Dynasty, Thy Name is Duck



 

 

As I may have mentioned before, I don’t like reality TV shows.  They glorify rude, crude, tasteless and tacky people, regardless of income, and present a skewed view of life and morality.  I didn’t like them, until I stumbled upon “Duck Dynasty.”  

If you’ve ever watched the series, you are probably familiar with the main characters: Willie, CEO of Duck Commander; Phil, patriarch and founder of the company; uncle Si, who can’t get past Viet Nam and Jase, Willie’s totally laid-back older brother.  There are many others, but they are truly supporting cast.

With the advent of “Duck Dynasty” on A&E television network, the company has gone mainstream, out of the confines of the hunting and fishing world into living rooms of everyday America.  A good idea just keeps getting better.

Willie and his wife Korie, have written a memoir of the business and their life together, titled The Duck Commander Family: How Faith, Family, and Ducks Created a Dynasty.  Willie and Korie have known each other since they met at a camp when they were kids, but they are from very different worlds.  Korie’s family was wealthy, Willie’s was poor.  Their dads obviously had differing parenting skills as well.  Korie’s was more inclusive and welcoming.  Willie’s…not so much.

He describes the many places they lived when he was growing up, before settling in the house where Phil and wife, Kay, still live.  His parents married young, but Phil went to college and played football with a fellow student named Terry Bradshaw.  He had been a star in high school football and was on track to head to the majors when he had an epiphany—he’d rather be hunting.  With that, he left the football program, but finished college, with the intention of teaching.

Along the way, he and Kay had three sons.  Unfortunately, like too many men, he decided that he no longer wanted the responsibility of a family and took off.  After a time of carousing and drinking, he returned to the family and slowly brought God into his life.  And everything changed.  Channeling that determination shown earlier in his life, Phil invented, made and sold a little duck call.  The rest, as they say, is history.

About half way through the book, Korie comes in with her recollections of life with the Robertsons.  Back and forth, they tell us about their life together, their children, their “takeover” of the company and the ideas they have instituted to make it even more profitable.  

For another view, Phil Robertson has written Happy, Happy, Happy, using a phrase for which he is well known.  Of course, his account is more detailed of his own life and the struggles of his childhood, in which his father was laid up in bed for years with a broken back and his mother was in and out of mental institutions.  

Each chapter is titled with a quick Bible verse, then an additional sentence that connects it to the following text.  It’s Phil’s philosophy for being happy, happy, happy.  The details of quitting football in college, leaving the family for several months, having religion forced upon him (he was not a willing recipient at first) and the steps that lead up to the forming of Duck Commander are all spelled out.  He is a better writer than Willie, but just as entertaining.

He doesn’t shy away from the mistakes he’s made in his life and business, but illustrates that each was a learning experience and ultimately lead him to the life he has now.  His wife of almost 50 years, Miss Kay, as she is called, is shown as a strong, supportive woman who helps keep him in line and lead him to God.

Don’t misunderstand.  This book is not preachy in any way, but none of the Robertsons are hesitant about their faith and how it has helped shape their lives and business.  The business is made up of family and friends and the loyalty and respect is almost a living entity between them.  They may kid and torture each other, but it is done with love.

After the early years where he hawked all hand-made calls to individual stores and eventually to retail chains, like Wal Mart, and being received with skepticism and derision, he began to see results from his hard work.  Money taken in was money spent on producing more product.  Miss Kay kept the books and was eventually overwhelmed.
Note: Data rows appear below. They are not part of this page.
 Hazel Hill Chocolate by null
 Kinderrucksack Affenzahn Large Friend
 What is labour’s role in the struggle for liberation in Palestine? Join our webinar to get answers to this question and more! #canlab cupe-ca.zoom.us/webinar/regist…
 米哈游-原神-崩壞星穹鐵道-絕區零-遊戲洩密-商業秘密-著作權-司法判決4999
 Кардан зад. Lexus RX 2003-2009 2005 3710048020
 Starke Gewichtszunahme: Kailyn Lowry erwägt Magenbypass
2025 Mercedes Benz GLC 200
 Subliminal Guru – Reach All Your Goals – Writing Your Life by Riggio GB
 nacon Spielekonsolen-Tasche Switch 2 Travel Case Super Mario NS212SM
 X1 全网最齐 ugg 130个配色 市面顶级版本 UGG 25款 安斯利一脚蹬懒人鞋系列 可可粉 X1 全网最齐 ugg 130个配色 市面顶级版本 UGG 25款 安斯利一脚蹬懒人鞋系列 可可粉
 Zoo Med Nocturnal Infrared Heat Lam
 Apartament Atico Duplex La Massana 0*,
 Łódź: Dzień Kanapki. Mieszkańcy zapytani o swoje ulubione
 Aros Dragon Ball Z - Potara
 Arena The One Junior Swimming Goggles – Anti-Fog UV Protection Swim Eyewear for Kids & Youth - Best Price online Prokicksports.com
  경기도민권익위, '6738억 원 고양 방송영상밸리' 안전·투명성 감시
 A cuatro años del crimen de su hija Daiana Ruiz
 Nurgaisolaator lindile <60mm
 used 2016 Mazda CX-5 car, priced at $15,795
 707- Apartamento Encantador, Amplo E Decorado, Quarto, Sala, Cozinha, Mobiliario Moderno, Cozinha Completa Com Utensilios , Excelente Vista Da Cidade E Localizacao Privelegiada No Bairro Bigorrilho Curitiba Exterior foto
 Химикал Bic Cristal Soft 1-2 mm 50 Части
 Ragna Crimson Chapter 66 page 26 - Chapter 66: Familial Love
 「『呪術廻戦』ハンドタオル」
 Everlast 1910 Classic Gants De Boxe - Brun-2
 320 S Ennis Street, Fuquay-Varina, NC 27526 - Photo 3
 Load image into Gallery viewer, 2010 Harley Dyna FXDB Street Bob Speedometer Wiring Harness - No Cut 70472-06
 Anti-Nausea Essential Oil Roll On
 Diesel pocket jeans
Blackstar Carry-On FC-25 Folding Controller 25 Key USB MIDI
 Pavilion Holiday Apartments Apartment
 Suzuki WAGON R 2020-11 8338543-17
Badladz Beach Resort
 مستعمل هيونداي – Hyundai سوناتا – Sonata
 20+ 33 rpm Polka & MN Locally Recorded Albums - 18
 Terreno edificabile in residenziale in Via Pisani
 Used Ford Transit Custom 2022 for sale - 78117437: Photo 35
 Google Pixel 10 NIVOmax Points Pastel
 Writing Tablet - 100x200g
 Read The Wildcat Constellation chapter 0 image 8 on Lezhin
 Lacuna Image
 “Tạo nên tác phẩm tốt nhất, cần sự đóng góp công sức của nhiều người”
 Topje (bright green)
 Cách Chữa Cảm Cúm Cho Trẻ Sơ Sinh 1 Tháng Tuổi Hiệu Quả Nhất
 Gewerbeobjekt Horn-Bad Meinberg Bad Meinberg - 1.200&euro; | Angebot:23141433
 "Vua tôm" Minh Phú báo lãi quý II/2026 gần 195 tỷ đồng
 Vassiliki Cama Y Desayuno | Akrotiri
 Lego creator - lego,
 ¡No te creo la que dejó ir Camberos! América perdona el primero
Profits were finally realized, but it was not an overnight sensation, but the result of perseverance and belief in the uniqueness and market for his duck call.  
Phil was more than ready and willing to turn over the business to Willie, when the time was right. With the transference of responsibility, he’s been able to get back to that passion of his, hunting, and watch his company evolve from a profitable one to a multi-million dollar one that enjoys fans from all over the world.  Of course, television has not hurt at all.

Both books are worth a read, but if you only want one, I would suggest going with Phil’s.  After all, it is his story.